Butler County pleas judge Craig Hedric ruled that West Chester Township officials improperly rescinded a license for a sexually oriented business in their community.
Melissa Warren, a Fort Wayne “Swinger's Club” owner, wanted to expand her sex trade into the Cincinnati suburbs. She and her boyfriend Eric Adams invested in land in West Chester Township and set up positive meetings with township officials to secure a zoning permit and license for her “sexually oriented business.”
Warren and Adams got their permit and license – township officials bent over backward, as they say, to publicly defend Warren and her “business,” saying she did everything right. But when folks heard about a sex swap lounge coming to their town, they took action.
Residents wrote and called township trustees, who received several angry communications about bringing the sex trade to West Chester Township. Township Trustees, including George Lang, reacted to the public outcry by backpedaling as fast as they could.
“I am in full agreement with you on this issue,” Lang responded to one angry resident via email. “We [the trustees who had just given Warren her license and permit] are in the process of actively fighting this business.”
Many citizens expressed concern that the sex club would be located only 220 yards away from Cornerstone's Child Development Center on Commercial Drive in Fairfield.
Further complicating matters is the FBI, whose background check on Adams turned up undisclosed things in his background that may disqualify him from eligibility for a sexually oriented business license.
Within a week of Warren and Adams obtaining the license and permit to run a swinger's club, both were rescinded by Community Development Director Michael Juengling. The township even took action to make sure Warren and Adams could not reapply, passing a nine-month ban on sex businesses like theirs.

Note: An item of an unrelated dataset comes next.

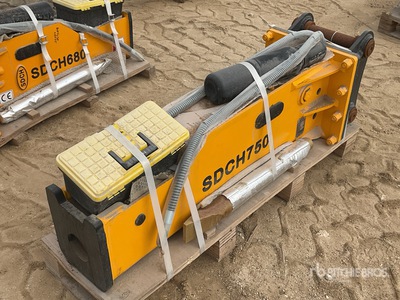 2025 SDCH 750 Concasseur hydraulique (Unused)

At a January 13 zoning meeting, director Juengling told the township board that his department made a mistake by issuing Warren's zoning certificate, without enough information.

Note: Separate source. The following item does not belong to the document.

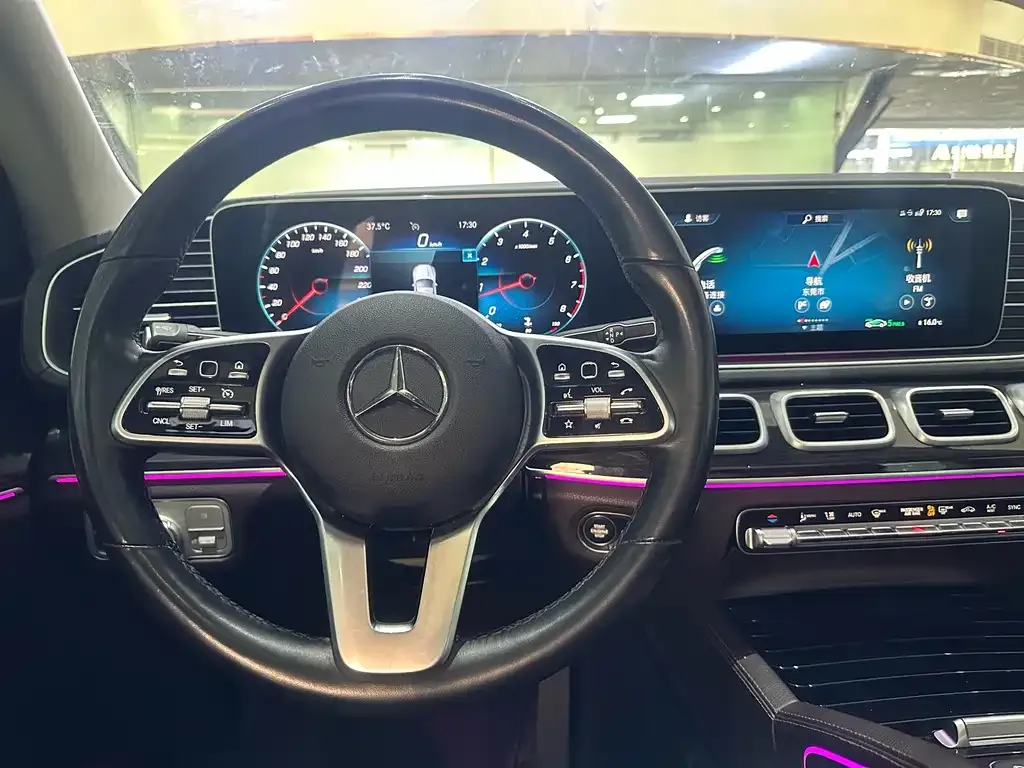 Mercedes-Benz 奔驰GLE(进口) — фото 3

As it turns out, the FBI background on Adams (trespassing, and an unconvicted charge for domestic battery) did not disqualify him from a sexually oriented business license. But by the time the background specifics were disclosed, the township had already passed its nine-month ban.
Not surprisingly, Warren is suing West Chester Township, claiming that township officials did not act consistently with Ohio and local laws.
“Sexually oriented businesses,” specifically strip bars, are protected by the Supreme Court decision considering their dancers “performance artists.” However, West Chester Township officials now say that Warren's “swinger's club” is an constitutionally unprotected “sexual encounter establishment.”
Ohio law defines a “sexual encounter establishment” as a place where “two or more persons may congregate, associate, or consort for the purpose of engaging in specified sexual activities.”
Ball State University professor Eric Kelly, who has successfully drafted legal regulations restricting sexually oriented businesses and has authored a book about sex industry regulation, says swinger's clubs should not be protected businesses. He admits, however, that “the law on that is not clear.”